Henrietta Nyamnjoh is a recipient of the American Council of Learned Society fellowship for the African Humanities Program Postdoctoral Fellowship for 2016.

Her project entitled: Religious Transnationalism and the Quest for Physical and Spiritual Healing: The Case of Cameroonian Migrants in Cape Town, explores the trans-local and (trans)national interconnections migrants are forging with various religious denominations to seek healing and deliverance in their daily lives and emotional challenges in the host country of South Africa.

This study examines the under-documented (trans)national religious activities of Cameroonian migrants who are in search of answers to existential problems – illness, sorcery/spiritual attack, challenges of obtaining legal status, prosperity and joblessness, family feuds and marital issues. Drawing on qualitative research, the study focuses on how (trans)national and trans-local religious activities find fertile ground for salvationist Pentecostalism among migrants desperately seeking physical/emotional wellbeing in a challenging host context, and their leaning towards ‘prosperity gospels’ that combined spiritual and socio-economic success. It explores how religious transnationalism has brought migrants closer to other Pentecostal churches and underscores the trans-local and transnational interconnections migrants are forging with other religious denominations in the course of their migratory trajectory. It questions to what extent are Pentecostal churches in Cape Town relevant to migrants’ everyday lives and how do migrants navigate and negotiate the different religious spheres?

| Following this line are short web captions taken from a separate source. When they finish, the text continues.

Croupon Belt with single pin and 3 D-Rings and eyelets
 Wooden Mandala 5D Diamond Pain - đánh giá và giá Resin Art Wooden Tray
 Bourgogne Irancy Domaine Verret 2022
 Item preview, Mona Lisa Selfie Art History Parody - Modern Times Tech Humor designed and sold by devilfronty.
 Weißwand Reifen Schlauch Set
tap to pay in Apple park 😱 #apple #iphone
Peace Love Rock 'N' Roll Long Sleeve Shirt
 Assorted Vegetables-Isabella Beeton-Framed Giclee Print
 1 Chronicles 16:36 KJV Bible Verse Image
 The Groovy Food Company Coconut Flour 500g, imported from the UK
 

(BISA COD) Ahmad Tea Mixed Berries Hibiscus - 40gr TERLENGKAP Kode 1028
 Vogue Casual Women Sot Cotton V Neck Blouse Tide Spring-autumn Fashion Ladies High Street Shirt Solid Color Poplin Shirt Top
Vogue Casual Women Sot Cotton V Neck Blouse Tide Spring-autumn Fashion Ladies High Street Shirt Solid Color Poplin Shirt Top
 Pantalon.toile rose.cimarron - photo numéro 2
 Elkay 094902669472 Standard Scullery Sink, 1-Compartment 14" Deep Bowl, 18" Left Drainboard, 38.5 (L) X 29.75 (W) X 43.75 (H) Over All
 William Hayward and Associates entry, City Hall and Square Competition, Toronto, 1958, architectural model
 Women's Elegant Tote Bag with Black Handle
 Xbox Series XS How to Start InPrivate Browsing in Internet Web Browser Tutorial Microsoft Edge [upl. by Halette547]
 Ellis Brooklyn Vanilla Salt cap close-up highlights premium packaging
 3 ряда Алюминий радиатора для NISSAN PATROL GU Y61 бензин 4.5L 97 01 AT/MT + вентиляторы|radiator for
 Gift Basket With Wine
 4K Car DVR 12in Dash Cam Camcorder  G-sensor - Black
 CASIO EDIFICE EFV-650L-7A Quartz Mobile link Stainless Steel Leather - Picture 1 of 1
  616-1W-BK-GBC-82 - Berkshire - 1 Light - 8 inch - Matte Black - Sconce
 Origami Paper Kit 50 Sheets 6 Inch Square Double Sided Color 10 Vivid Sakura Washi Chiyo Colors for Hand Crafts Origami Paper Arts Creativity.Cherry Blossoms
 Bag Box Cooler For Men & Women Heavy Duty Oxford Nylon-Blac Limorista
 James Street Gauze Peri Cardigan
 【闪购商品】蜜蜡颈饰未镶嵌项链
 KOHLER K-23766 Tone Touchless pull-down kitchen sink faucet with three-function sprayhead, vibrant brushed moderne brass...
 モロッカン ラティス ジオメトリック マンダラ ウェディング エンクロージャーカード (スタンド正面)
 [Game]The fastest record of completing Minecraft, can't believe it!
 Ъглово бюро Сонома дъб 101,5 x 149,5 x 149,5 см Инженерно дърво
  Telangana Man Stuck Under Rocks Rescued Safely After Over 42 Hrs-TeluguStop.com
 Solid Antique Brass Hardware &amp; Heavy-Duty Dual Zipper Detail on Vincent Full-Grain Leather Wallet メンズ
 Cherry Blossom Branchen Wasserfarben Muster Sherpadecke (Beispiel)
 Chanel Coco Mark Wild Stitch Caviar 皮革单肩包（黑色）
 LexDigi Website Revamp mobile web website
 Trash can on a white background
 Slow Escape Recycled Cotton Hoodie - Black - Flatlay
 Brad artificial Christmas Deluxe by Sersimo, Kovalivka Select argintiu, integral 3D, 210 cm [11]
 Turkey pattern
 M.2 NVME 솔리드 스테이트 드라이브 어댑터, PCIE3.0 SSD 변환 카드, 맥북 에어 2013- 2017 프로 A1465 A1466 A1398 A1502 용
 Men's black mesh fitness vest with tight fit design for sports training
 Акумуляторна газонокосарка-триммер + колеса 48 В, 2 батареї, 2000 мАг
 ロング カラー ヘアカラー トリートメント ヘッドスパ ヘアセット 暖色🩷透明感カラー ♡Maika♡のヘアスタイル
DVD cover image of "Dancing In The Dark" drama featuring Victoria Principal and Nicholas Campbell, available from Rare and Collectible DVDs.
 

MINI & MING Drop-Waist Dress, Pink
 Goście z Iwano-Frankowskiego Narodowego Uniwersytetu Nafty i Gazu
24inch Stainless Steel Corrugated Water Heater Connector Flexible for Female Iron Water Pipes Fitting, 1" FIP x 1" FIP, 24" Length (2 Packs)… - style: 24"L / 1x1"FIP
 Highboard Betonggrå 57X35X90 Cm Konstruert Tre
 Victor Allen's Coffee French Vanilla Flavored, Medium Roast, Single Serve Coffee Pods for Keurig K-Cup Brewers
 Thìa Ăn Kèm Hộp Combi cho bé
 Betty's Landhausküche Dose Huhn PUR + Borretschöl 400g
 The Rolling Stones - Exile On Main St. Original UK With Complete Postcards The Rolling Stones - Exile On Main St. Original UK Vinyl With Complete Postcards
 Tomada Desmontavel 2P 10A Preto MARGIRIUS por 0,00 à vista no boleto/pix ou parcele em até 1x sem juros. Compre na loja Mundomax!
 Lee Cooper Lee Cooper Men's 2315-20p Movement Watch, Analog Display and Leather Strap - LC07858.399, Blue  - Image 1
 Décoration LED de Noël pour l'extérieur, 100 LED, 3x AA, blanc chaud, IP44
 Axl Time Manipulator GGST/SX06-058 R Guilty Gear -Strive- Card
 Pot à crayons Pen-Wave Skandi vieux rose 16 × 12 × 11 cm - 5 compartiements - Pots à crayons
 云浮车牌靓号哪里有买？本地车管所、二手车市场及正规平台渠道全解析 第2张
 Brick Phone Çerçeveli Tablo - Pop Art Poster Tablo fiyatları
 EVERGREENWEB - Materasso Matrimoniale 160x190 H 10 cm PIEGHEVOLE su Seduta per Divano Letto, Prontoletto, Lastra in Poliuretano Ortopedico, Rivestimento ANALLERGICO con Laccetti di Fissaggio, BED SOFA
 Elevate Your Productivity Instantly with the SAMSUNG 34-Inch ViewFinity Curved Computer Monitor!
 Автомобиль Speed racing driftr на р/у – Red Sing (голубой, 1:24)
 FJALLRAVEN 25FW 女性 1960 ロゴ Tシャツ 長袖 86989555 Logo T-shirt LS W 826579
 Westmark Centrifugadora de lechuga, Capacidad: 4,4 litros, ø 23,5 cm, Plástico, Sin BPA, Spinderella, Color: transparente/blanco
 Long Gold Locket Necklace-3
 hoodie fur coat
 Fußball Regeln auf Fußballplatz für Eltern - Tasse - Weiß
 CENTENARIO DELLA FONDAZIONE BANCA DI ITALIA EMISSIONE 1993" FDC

This study will be anchored on two approaches – concept of ‘everyday life’ (life-worlds) and trans-local/ (trans)national approaches. The former seeks to examine how migrants in quest of emotional fulfilment navigate religious networks and interconnections, and how this informs their kin and social relationships and their everyday life. The focus on how migrants navigate and negotiate these life-worlds shifts from global articulation of religious transnationalism to exploring the ‘glocal’ that zooms into the everyday life and exposes the narratives, the intrigues, energy and resources that emboldens migrants, and the extent to which this gives them some degree of agency. The concept of ‘emplacement’ therefore, is useful in that it captures the betwixt and between and sheds light on how migrants engage and navigate the local religious movements. The objectives of this study are inextricably enmeshed in migrants’ lived experiences.

There is less about the religious lives of migrants and their trans-local and (trans)national activities to attain health and overcome the challenges brought to bear on them by intra-African migration. This study is significant in filling that gap and bringing out the everyday existential challenges of Cameroonian migrants’ activities in redressing them.